Problem requirements:
Print the data below exactly, but only the lines from the one containing "Felice Washable Boho" down to the one containing "8-Piece 90° Corner", inclusive.

** Opening Records supplied block **

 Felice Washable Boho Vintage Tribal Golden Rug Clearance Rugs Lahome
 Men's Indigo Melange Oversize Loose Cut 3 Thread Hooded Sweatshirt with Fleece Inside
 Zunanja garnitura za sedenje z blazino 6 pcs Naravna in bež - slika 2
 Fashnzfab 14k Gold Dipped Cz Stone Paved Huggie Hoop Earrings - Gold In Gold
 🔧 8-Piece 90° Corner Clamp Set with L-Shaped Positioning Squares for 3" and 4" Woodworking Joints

** Closing Records supplied block **
** Opening Records supplied block **

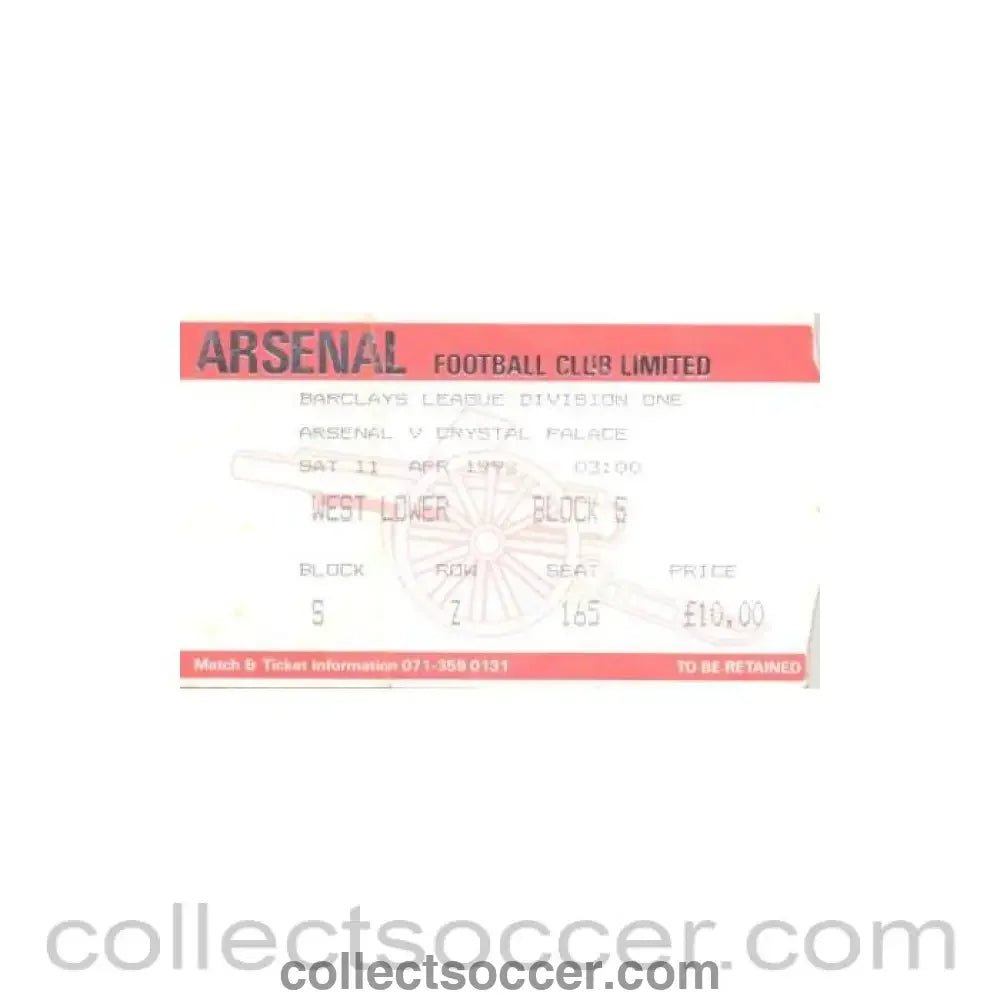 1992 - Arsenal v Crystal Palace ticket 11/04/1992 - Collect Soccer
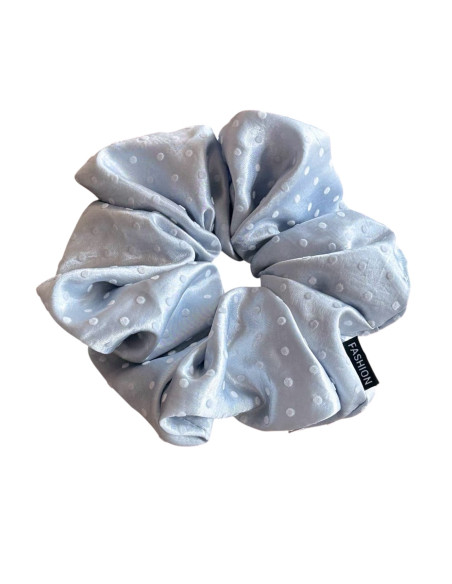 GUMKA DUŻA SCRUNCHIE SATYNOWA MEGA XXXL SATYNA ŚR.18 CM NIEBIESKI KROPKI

** Closing Records supplied block **

Solution to the problem:
 Felice Washable Boho Vintage Tribal Golden Rug Clearance Rugs Lahome
 Men's Indigo Melange Oversize Loose Cut 3 Thread Hooded Sweatshirt with Fleece Inside
 Zunanja garnitura za sedenje z blazino 6 pcs Naravna in bež - slika 2
 Fashnzfab 14k Gold Dipped Cz Stone Paved Huggie Hoop Earrings - Gold In Gold
 🔧 8-Piece 90° Corner Clamp Set with L-Shaped Positioning Squares for 3" and 4" Woodworking Joints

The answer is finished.